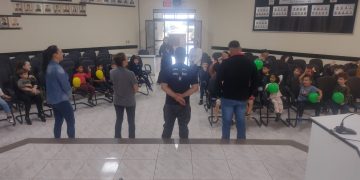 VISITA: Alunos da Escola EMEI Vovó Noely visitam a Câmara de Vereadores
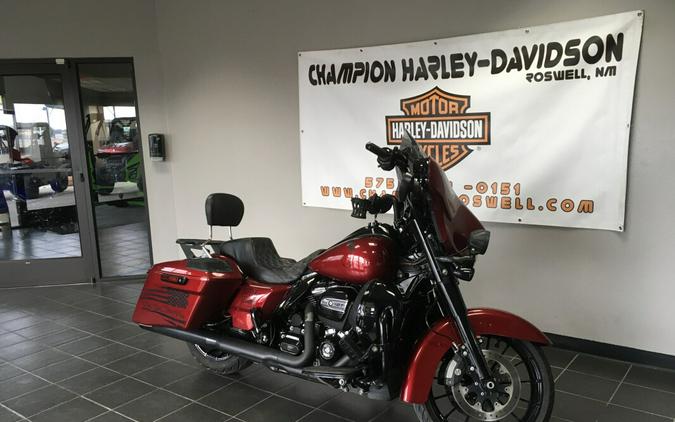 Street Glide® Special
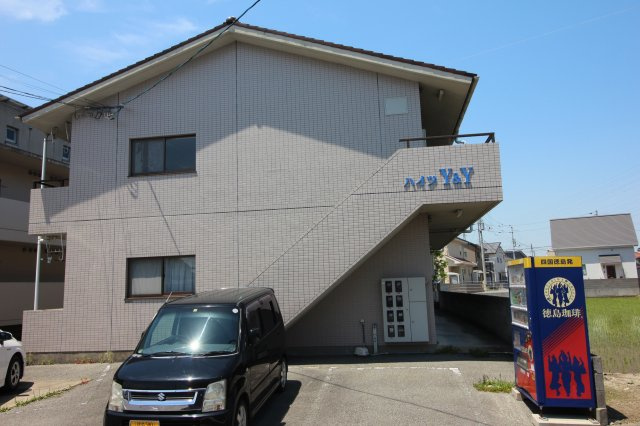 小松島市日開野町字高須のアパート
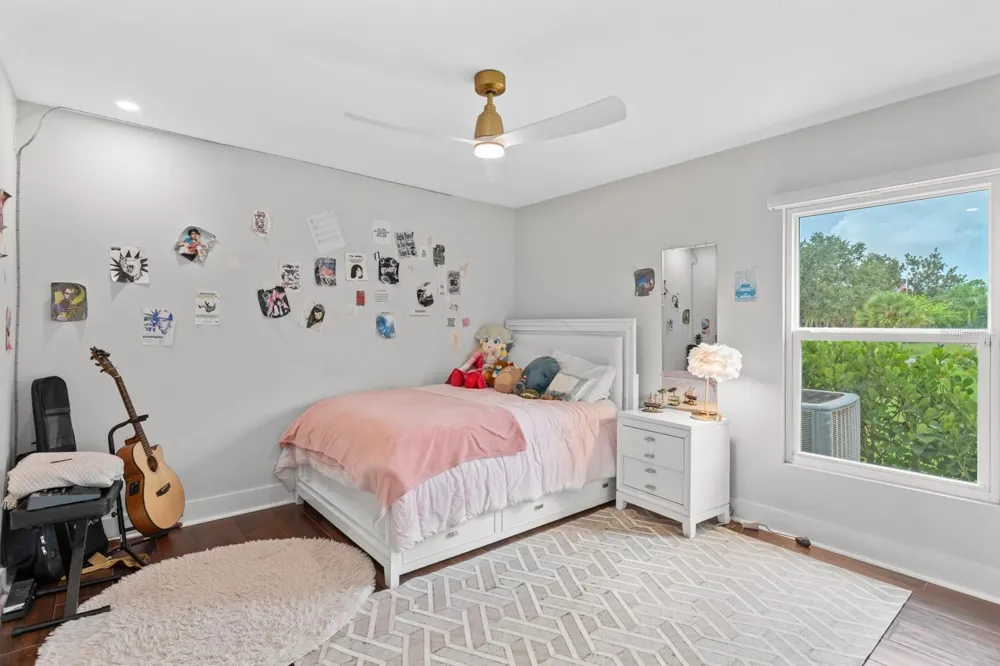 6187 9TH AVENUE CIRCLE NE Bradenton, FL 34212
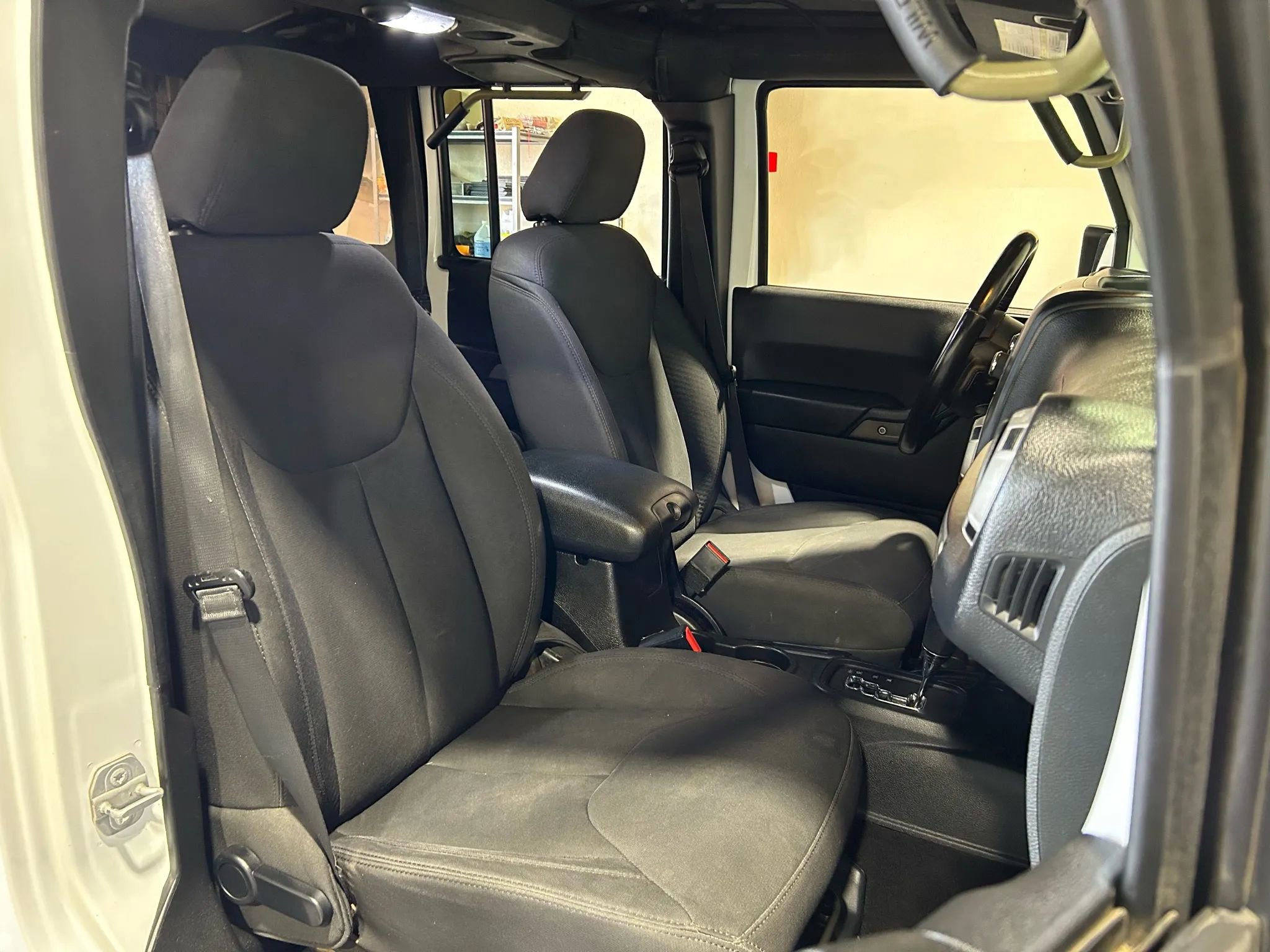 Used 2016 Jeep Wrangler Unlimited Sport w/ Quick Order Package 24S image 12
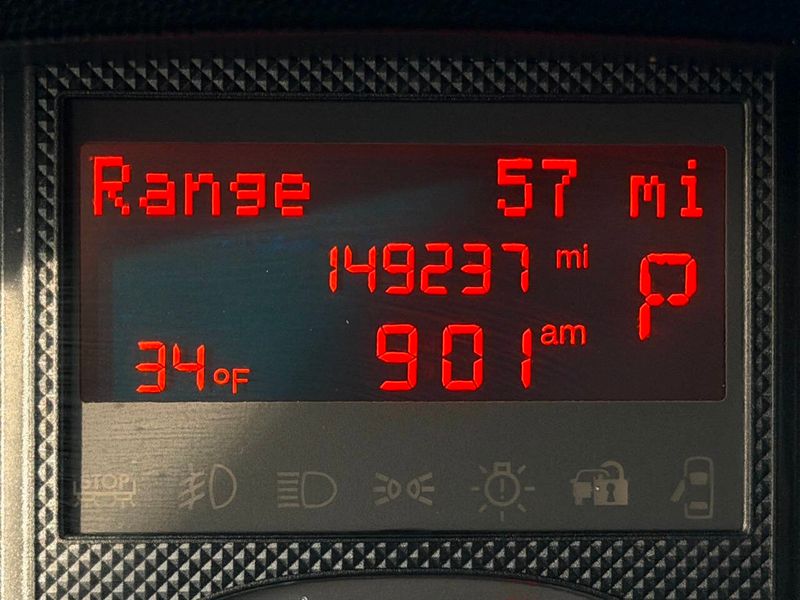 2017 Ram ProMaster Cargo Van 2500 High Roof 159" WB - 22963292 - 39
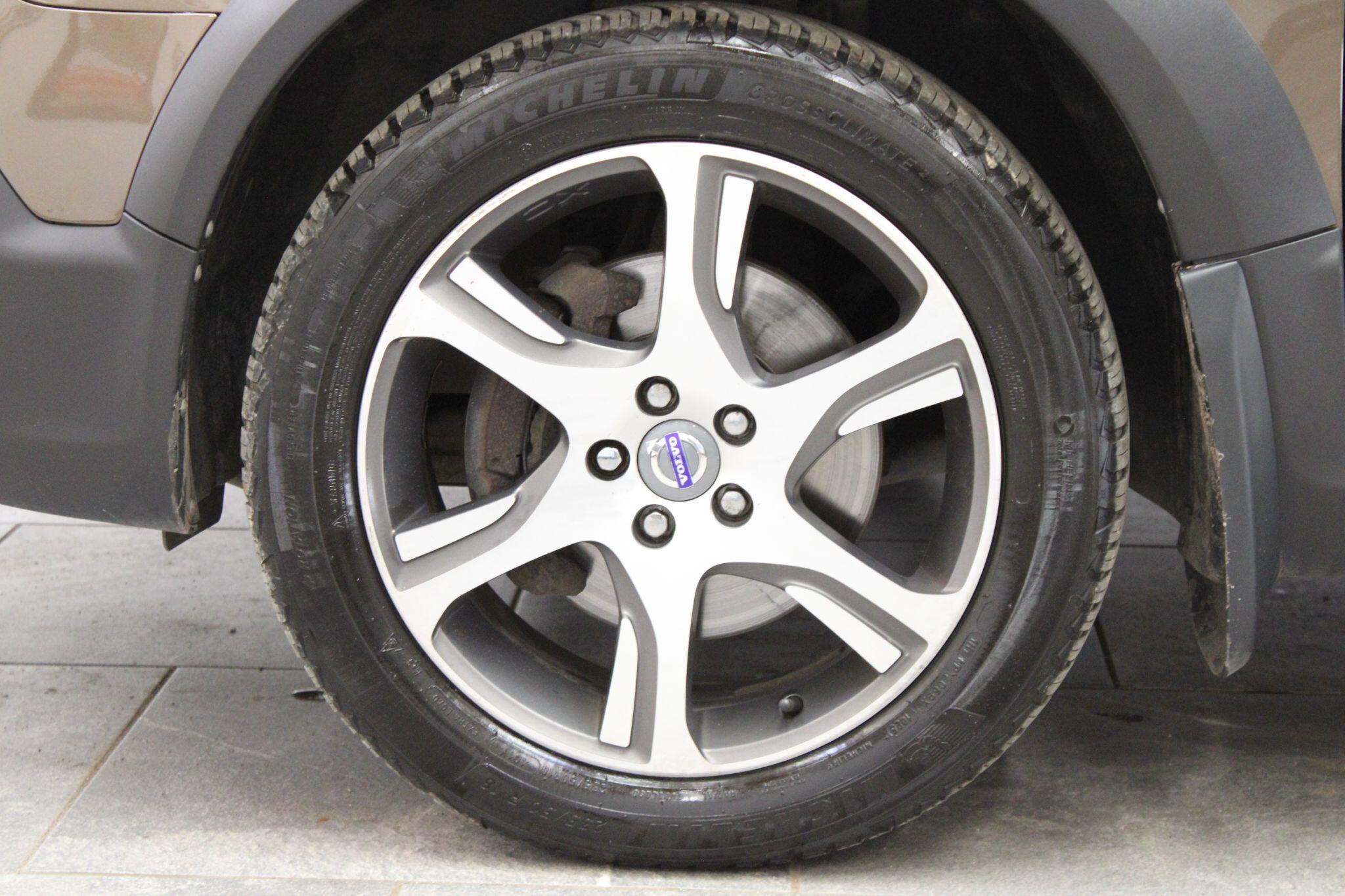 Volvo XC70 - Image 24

════════

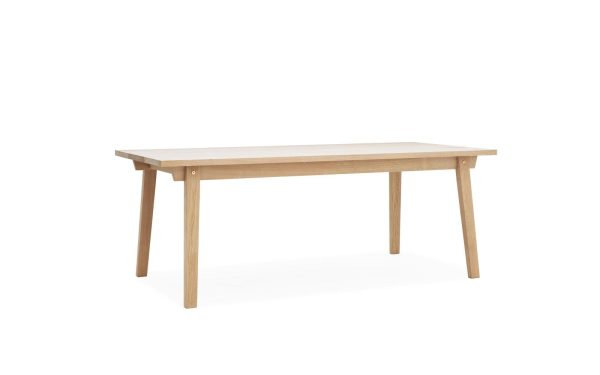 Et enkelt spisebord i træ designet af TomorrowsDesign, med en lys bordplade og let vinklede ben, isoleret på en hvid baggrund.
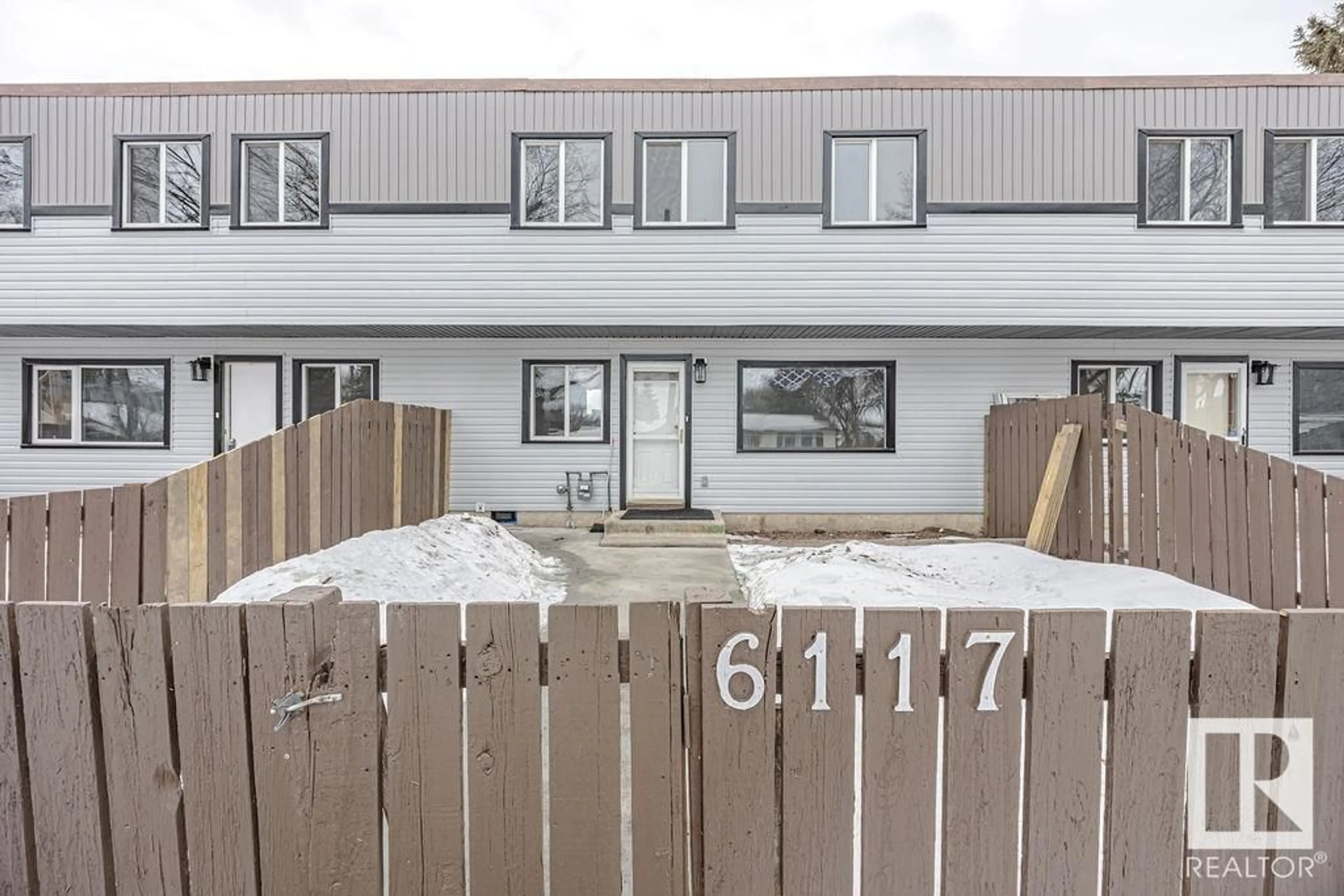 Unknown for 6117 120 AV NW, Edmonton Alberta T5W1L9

════════

*EXERCISE PROMPT*. Using the entries above, transcribe exactly from the line that has "VISITA: Alunos da" through the line that has "Volvo XC70 - Image 24". Pictures are dropped.

*RESPONSE BELOW*.
 VISITA: Alunos da Escola EMEI Vovó Noely visitam a Câmara de Vereadores
 Street Glide® Special
 小松島市日開野町字高須のアパート
 6187 9TH AVENUE CIRCLE NE Bradenton, FL 34212
 Used 2016 Jeep Wrangler Unlimited Sport w/ Quick Order Package 24S image 12
 2017 Ram ProMaster Cargo Van 2500 High Roof 159" WB - 22963292 - 39
 Volvo XC70 - Image 24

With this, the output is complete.